### SUPPLIED DATA
━━━━━━━━━━━━━━━━━━━━

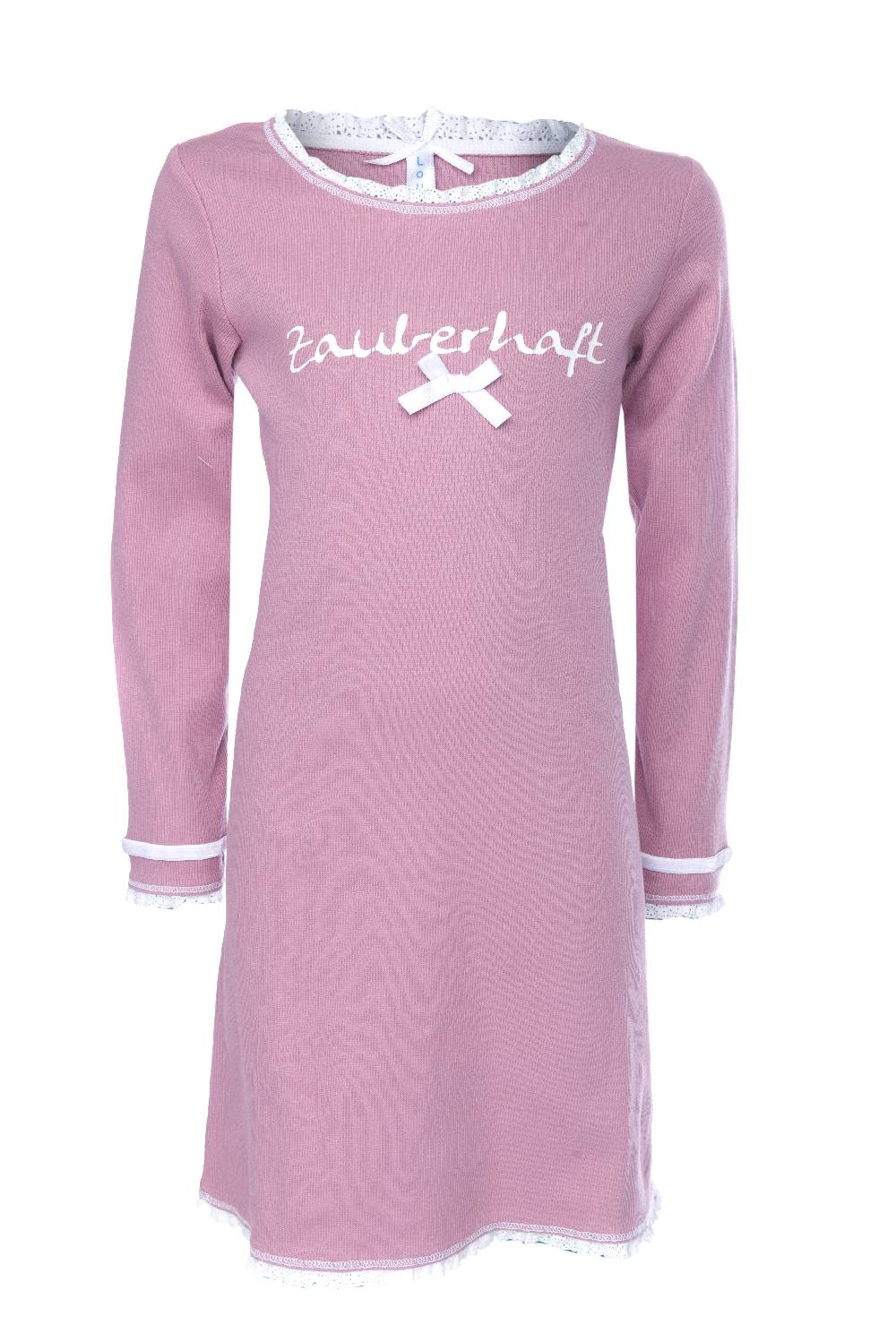Louis & Louisa Nachthemd Kinder Rippe "Zauberhaft", rosa Louis & Louisa Nachthemd Kinder Rippe "Zauberhaft", rosa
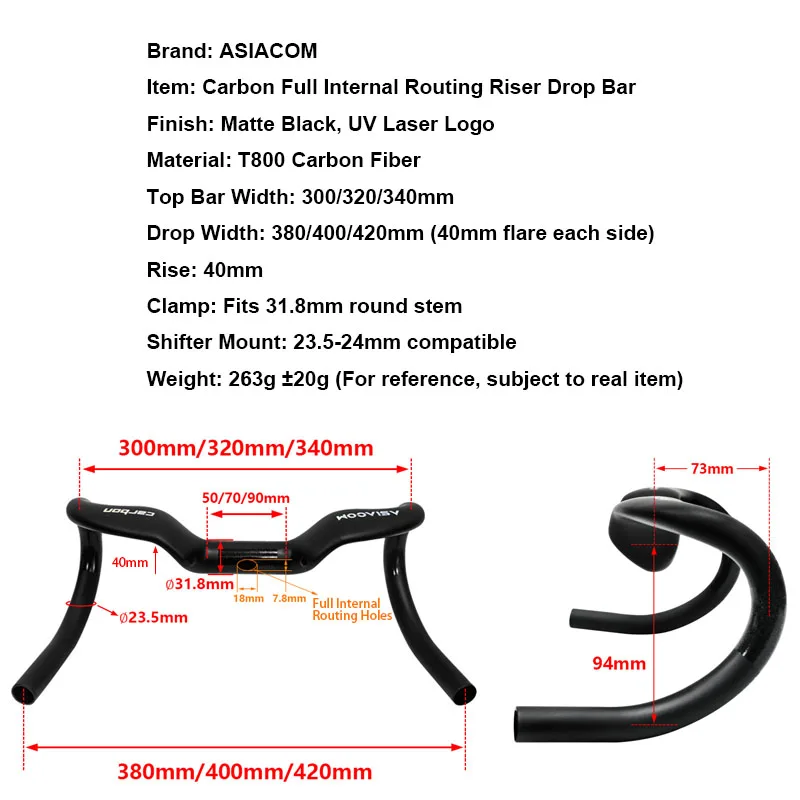 ASIACOM Full Carbon 40mm Rise Drop Bar Road Racing Handlebar Fully Internal Cable Routing 380-420mm Bicycle Cycling Parts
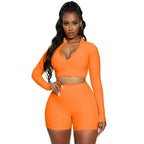 Ensemble de sport haut manches longues et short - Chic&Shines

━━━━━━━━━━━━━━━━━━━━

### TASK DIRECTIONS
Keep every word of the lines above unchanged in the copy, and omit the pictures.

### RESULT BELOW
Louis & Louisa Nachthemd Kinder Rippe "Zauberhaft", rosa Louis & Louisa Nachthemd Kinder Rippe "Zauberhaft", rosa
 ASIACOM Full Carbon 40mm Rise Drop Bar Road Racing Handlebar Fully Internal Cable Routing 380-420mm Bicycle Cycling Parts
 Ensemble de sport haut manches longues et short - Chic&Shines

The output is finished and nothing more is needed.